Fortunately, Scotland is now in the prefect position to further galvanise ordinary citizens to mould our future through the creation of an independent constitution.
A citizen-led constitutional convention can ensure that the basis for our future is agreed by the people of Scotland, not a few select members of the political classes.
A citizen-led constitutional convention must be supported by but not led by UK coalition government in the form of Lord Smith of Kelvin, the Scottish Government and all Scotland political parties.
The citizens of Scotland have taken this decision, they have considered the options, thought through what kind of future they want and voted in record numbers; it is they who must lead what comes next.
So who should own the process of creating a constitution for Scotland? It would be quite easy for UK and Scottish governments to assimilate the call for a citizen-led process by setting the parameters and consulting with citizens.
SCVO believes that would be failing to maintain the spirit of the referendum. Now is the time for political parties and governments to cede power to those with the most to contribute and benefit – our citizens.
In this way we can show that this really is the dawn of a new age. An age in which government, politics, society, and the way they relate to and inform each other is starting again.
Genuinely changing how we make decisions in Scotland is how we empower the people of Scotland to help build their own solutions to social problems and help create a fairer society.
Civil society organisations representing those in workplaces, communities and education institutions have a crucial role to play in this process, but it also requires a commitment to new ways of engaging citizens and small communities of interest more directly.
Crucially, we must take this opportunity to embrace citizen rights but also look beyond existing narrow conceptions of constitutional issues and democracy, to create a new political system that puts the people first.

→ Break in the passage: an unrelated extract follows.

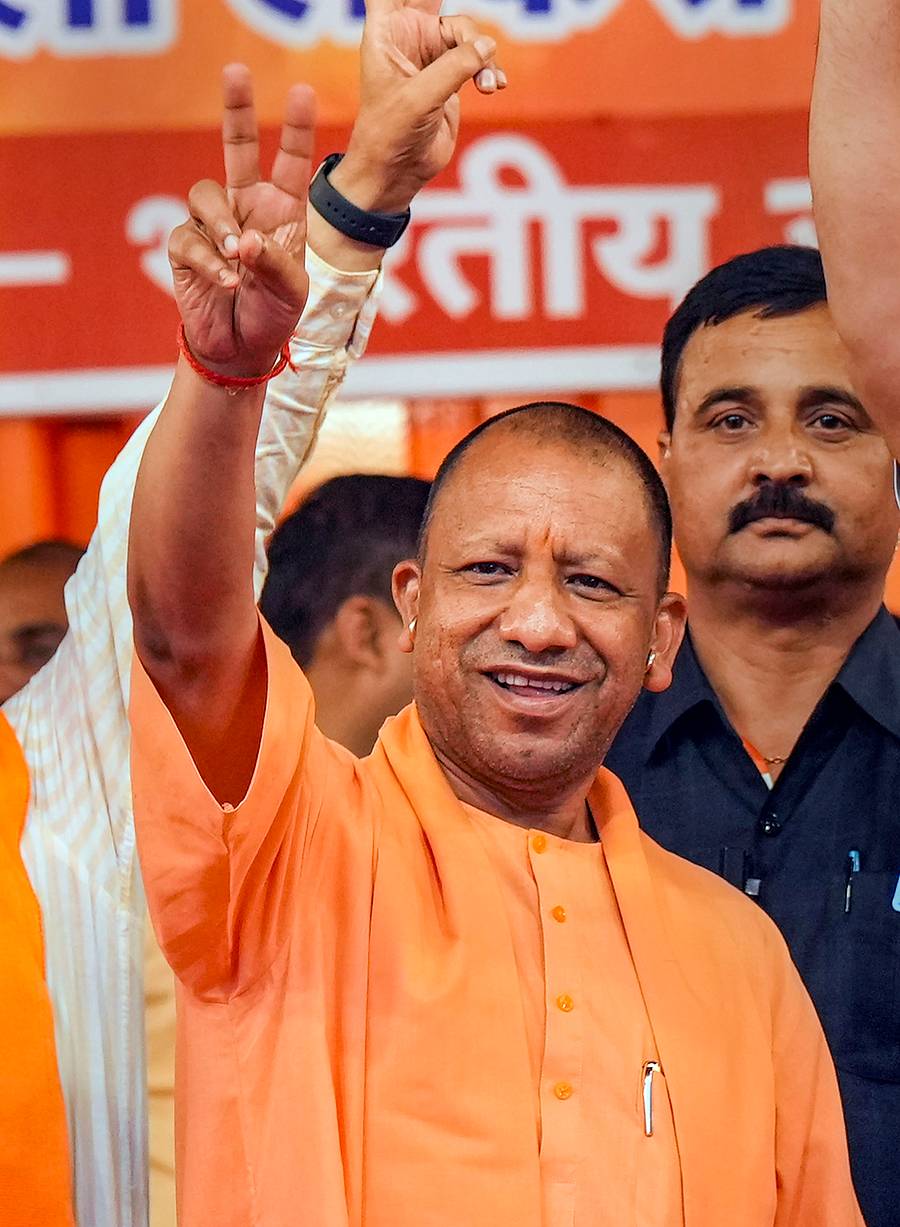 ಯೋಗಿ ಆದಿತ್ಯನಾಥ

Local democracy is one of the winners from the referendum debate, engaging and empowering people in their towns and cities, away from the often distant and removed national debate.

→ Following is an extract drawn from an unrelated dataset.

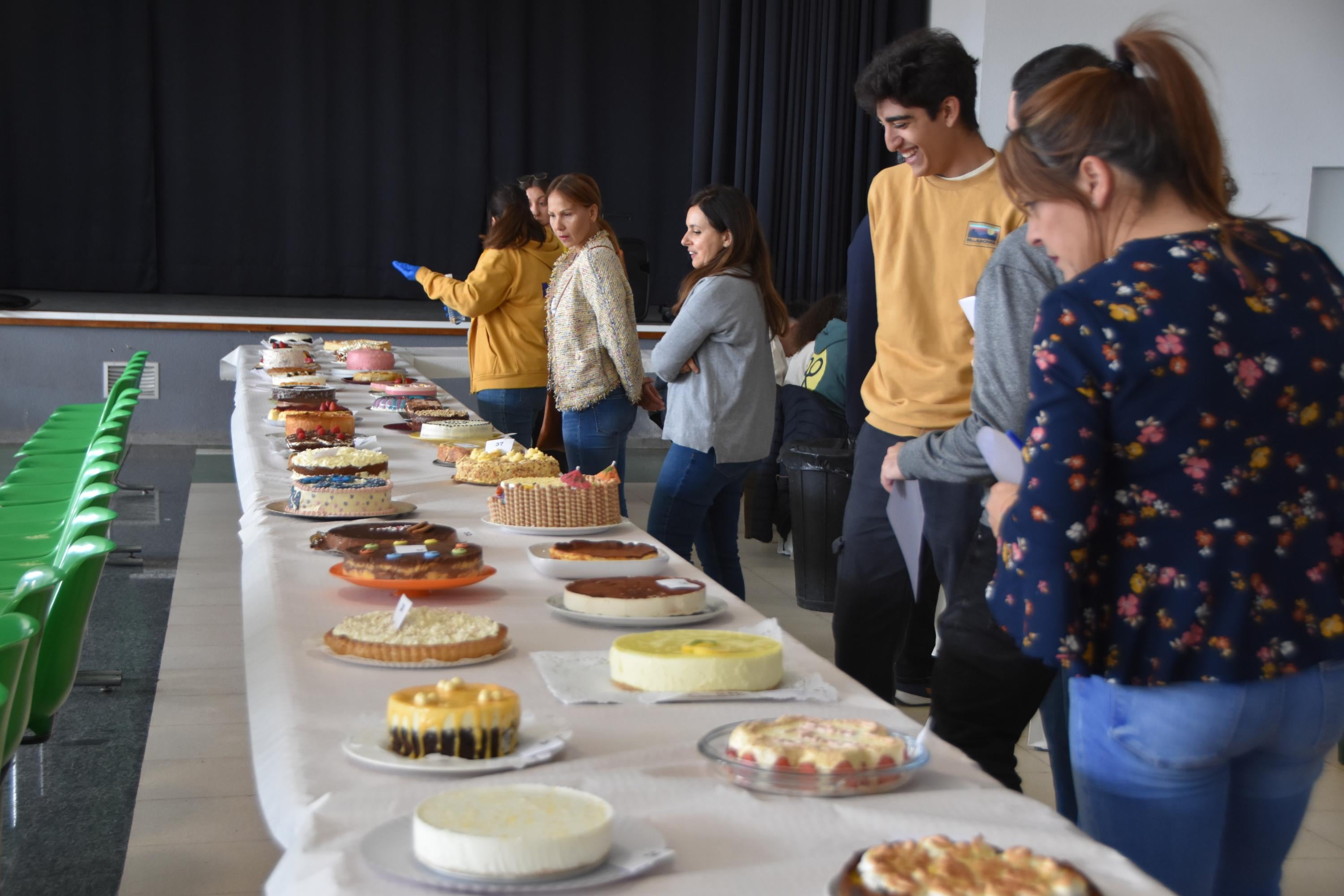 El pueblo salmantino donde se celebra un concurso de casi un centenar de tartas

At SCVO we also believe this means using the building blocks of many other successful small countries: a genuine social partnership model.
We all recognise that governments have no magic wand it can wave to solve all our problems or immediately make things better either. Tackling deep rooted issues such as poverty and inequality will take time.
A citizen led approach to creating a fairer and more equal society means we can tackle and achieve it much sooner.
SCVO is calling on the Scottish Labour Party, Scottish Conservative Party, Scottish Liberal-Democrats, and both the UK and Scottish governments to agree to take the powers offered by the three main unionist parties in the referendum campaign as a starting point for a citizen-led constitutional convention but have a mandate to look beyond.
We'd like to see a citizen-led constitutional convention, to begin late 2014/early 2015 and to form proposals by the start of 2016 for a Scotland where democracy is citizen-led and the people are empowered in the decisions that affect them.
The proposals from the citizen-led constitutional convention would be decided and endorsed by the people through the 2016 Scottish Parliament elections.
We'd also like to see the introduction of a genuine social partnership model, which would safeguard and co-ordinate a citizen led constitution.
Furthermore, we’re working with the STUC and NUS Scotland to help keep that space open for civil society and the people of Scotland.
We have jointly written to the UK government (via the secretary of state) and the First Minister asking both governments to endorse a citizen-led process to ensure the people decide the next steps for Scotland.
A new Scotland requires a new way of political stage. Scotland will face challenges ahead but these will be easier if citizens are genuinely empowered to make a difference.
Only by harnessing renewed civic engagement can we can deliver the democratic institutions, economy and services we seek.
I genuinely hope all political parties in Scotland agree.